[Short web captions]
▽

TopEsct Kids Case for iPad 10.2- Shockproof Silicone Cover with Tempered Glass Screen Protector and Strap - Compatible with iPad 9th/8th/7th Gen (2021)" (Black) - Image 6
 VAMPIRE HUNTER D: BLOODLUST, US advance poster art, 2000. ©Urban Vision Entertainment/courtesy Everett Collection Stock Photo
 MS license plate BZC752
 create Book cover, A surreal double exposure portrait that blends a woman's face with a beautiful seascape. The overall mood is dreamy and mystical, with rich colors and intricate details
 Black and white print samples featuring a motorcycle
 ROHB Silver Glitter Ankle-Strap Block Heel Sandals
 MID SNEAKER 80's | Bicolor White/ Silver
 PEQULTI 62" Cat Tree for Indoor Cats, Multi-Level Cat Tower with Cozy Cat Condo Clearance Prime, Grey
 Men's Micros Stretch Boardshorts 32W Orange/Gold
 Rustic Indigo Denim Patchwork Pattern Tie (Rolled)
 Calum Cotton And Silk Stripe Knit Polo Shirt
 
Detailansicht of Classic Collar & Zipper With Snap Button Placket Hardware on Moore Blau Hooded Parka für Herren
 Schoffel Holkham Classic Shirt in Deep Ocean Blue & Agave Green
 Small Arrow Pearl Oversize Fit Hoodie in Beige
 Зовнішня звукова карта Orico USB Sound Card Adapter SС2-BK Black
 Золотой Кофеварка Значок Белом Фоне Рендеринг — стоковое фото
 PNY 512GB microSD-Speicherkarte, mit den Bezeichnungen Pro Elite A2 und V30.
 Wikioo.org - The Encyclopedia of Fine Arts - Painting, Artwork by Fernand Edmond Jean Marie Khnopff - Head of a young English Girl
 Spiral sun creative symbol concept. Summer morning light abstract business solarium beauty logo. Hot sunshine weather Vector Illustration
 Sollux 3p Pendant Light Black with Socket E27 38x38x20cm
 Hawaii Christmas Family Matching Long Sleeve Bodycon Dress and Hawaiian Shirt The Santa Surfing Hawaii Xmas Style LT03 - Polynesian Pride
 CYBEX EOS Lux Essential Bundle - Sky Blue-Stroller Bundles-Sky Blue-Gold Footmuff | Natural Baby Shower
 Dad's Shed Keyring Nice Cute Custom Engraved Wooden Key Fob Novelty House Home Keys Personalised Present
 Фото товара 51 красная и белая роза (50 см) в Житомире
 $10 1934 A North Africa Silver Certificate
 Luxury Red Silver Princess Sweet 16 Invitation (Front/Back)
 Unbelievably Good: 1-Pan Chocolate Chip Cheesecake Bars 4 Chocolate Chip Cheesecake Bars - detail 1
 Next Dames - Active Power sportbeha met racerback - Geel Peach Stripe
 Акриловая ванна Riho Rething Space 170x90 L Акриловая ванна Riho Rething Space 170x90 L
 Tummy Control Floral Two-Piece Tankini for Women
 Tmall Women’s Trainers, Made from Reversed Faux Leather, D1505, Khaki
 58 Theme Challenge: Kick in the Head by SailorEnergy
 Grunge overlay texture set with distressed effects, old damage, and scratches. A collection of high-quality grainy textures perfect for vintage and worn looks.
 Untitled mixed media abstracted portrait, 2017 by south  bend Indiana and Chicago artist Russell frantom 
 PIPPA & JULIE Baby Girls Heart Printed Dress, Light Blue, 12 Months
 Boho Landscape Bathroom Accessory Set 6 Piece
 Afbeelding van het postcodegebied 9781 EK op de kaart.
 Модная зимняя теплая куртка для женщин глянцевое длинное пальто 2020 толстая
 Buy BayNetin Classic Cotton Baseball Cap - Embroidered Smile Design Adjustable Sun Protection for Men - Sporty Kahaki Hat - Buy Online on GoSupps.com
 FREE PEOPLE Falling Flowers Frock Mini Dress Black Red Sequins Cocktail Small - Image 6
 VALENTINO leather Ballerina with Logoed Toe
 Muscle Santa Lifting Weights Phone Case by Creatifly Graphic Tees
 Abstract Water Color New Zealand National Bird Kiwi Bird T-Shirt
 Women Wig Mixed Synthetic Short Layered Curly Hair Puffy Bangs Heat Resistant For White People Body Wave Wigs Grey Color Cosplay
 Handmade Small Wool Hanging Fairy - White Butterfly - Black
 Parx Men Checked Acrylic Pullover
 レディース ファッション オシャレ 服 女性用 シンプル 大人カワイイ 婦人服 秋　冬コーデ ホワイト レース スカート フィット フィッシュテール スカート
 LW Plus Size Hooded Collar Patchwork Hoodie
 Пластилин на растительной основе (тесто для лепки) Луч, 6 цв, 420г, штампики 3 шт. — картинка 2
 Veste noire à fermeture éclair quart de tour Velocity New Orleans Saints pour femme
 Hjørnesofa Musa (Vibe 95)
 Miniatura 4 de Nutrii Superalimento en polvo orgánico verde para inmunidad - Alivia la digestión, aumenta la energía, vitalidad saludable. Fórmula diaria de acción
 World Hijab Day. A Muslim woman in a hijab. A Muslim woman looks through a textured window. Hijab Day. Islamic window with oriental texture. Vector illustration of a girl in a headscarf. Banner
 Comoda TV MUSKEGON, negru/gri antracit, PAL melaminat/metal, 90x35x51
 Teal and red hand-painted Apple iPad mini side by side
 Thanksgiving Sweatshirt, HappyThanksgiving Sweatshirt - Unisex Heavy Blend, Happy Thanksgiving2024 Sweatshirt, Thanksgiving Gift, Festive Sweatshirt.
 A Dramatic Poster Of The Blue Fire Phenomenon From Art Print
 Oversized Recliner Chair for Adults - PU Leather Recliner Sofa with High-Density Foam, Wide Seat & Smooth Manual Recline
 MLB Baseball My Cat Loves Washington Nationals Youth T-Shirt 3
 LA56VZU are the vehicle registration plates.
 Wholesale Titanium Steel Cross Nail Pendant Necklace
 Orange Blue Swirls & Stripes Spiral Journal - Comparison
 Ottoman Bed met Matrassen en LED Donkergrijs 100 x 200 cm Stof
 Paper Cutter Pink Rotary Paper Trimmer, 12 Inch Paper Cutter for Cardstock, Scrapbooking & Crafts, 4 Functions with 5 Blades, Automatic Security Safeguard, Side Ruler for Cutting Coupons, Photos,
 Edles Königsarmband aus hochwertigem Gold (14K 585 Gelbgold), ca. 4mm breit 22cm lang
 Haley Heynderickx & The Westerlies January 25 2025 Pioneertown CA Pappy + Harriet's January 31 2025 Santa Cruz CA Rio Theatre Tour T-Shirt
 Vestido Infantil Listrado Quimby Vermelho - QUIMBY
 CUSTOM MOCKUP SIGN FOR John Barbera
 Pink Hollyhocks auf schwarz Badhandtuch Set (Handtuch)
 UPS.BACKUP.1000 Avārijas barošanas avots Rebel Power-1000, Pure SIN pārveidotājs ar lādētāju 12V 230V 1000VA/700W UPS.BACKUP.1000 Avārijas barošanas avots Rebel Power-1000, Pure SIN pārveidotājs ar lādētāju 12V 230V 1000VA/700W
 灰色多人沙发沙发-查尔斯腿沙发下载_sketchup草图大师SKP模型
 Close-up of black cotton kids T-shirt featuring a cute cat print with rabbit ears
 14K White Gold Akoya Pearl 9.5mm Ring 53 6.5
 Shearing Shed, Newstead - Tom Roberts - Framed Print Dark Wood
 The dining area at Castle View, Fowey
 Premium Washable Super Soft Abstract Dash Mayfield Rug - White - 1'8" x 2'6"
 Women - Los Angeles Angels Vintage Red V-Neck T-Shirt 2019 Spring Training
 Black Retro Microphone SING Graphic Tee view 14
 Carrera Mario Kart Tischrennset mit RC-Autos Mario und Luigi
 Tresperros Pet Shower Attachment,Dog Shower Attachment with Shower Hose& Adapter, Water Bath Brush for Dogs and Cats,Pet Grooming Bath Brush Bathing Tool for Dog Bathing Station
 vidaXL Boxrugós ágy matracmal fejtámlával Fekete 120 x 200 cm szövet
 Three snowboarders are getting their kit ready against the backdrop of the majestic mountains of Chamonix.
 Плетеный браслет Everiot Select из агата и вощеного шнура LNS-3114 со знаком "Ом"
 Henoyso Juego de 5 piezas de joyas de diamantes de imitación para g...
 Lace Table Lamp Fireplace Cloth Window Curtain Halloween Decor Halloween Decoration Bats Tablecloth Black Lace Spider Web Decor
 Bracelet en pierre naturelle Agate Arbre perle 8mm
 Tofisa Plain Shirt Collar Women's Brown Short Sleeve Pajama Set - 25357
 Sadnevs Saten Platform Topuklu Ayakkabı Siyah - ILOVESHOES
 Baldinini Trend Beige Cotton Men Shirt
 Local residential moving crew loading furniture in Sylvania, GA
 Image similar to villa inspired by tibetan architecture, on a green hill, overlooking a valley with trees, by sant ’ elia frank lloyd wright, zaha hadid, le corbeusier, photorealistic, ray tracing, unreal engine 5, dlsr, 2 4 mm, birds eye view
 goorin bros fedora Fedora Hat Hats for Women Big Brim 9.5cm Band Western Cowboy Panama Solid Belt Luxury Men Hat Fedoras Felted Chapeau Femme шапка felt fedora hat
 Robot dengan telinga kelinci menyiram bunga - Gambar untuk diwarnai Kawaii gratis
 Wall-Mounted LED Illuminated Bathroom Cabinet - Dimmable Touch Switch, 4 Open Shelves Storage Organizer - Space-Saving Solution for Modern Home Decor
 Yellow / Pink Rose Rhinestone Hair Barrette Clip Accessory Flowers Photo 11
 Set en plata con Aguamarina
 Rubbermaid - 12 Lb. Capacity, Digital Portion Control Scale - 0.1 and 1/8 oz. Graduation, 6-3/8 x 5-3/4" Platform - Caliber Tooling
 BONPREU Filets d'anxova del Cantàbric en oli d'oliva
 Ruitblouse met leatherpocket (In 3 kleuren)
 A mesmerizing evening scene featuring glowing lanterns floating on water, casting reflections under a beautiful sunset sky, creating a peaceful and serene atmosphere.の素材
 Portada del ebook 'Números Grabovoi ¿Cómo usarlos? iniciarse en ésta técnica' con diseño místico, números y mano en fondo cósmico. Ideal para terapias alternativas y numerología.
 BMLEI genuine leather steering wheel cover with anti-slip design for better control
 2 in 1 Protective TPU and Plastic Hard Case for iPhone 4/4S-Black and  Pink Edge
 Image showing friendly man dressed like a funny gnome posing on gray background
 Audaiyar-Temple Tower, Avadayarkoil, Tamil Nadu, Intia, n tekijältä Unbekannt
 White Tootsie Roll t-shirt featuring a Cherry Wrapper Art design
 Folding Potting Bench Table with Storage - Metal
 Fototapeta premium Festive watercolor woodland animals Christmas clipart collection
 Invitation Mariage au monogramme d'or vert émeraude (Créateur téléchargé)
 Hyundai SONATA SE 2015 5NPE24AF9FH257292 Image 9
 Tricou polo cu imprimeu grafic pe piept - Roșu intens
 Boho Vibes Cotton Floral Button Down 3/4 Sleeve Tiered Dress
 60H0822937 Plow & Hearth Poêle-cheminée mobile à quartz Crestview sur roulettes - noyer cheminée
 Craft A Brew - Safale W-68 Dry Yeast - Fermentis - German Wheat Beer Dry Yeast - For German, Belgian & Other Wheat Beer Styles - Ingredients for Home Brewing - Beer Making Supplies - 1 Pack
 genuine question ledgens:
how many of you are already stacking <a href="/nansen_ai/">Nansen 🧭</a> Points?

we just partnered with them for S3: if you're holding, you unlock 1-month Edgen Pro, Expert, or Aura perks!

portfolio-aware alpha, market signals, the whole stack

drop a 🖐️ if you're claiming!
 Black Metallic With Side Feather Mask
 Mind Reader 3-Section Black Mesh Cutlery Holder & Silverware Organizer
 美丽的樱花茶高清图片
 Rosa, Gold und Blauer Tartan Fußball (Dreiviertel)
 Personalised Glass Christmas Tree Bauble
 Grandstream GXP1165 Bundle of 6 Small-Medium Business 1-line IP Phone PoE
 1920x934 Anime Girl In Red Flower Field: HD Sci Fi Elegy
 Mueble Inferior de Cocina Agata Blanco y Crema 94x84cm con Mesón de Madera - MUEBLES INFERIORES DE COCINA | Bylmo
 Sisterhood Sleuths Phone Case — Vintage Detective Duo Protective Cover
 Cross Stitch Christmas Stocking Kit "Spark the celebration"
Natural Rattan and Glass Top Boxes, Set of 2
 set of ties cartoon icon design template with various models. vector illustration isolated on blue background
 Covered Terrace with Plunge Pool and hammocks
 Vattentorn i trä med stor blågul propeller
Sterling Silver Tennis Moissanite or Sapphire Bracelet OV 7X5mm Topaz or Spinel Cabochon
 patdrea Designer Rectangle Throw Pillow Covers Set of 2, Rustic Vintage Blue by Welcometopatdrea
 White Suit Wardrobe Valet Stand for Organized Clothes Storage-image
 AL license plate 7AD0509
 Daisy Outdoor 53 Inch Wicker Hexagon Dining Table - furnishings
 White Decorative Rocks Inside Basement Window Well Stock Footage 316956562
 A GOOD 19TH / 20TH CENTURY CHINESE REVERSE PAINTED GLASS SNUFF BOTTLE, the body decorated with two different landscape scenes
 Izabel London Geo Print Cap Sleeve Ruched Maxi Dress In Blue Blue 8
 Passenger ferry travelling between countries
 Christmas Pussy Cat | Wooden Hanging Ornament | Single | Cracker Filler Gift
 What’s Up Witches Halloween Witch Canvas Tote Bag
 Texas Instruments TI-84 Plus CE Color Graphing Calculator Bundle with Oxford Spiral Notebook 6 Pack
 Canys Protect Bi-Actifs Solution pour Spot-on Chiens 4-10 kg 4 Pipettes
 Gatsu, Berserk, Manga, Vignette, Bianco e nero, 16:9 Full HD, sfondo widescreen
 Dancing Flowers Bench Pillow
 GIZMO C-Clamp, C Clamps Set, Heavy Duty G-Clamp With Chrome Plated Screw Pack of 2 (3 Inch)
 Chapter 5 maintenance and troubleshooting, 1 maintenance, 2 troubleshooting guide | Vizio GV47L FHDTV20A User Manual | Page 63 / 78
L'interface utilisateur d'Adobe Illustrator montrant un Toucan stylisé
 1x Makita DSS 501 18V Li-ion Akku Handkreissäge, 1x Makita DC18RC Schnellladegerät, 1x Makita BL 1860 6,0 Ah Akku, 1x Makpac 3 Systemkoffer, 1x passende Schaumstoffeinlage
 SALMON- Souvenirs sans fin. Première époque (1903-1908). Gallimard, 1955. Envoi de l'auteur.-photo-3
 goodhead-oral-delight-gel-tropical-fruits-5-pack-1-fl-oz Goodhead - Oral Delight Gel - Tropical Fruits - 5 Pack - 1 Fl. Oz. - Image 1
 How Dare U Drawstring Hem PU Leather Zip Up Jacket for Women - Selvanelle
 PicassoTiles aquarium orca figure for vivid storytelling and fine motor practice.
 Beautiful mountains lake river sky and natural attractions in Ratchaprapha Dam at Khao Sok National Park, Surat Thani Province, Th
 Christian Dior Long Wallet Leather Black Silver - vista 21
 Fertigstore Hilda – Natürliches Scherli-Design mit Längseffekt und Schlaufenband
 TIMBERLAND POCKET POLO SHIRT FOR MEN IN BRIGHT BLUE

△

## TASK BRIEF
From the records above, extract exactly and only the lines that begin at the line with "Oz. - Image 1" and stop after the line with "PicassoTiles aquarium orca".

## RESPONSE BOX
 goodhead-oral-delight-gel-tropical-fruits-5-pack-1-fl-oz Goodhead - Oral Delight Gel - Tropical Fruits - 5 Pack - 1 Fl. Oz. - Image 1
 How Dare U Drawstring Hem PU Leather Zip Up Jacket for Women - Selvanelle
 PicassoTiles aquarium orca figure for vivid storytelling and fine motor practice.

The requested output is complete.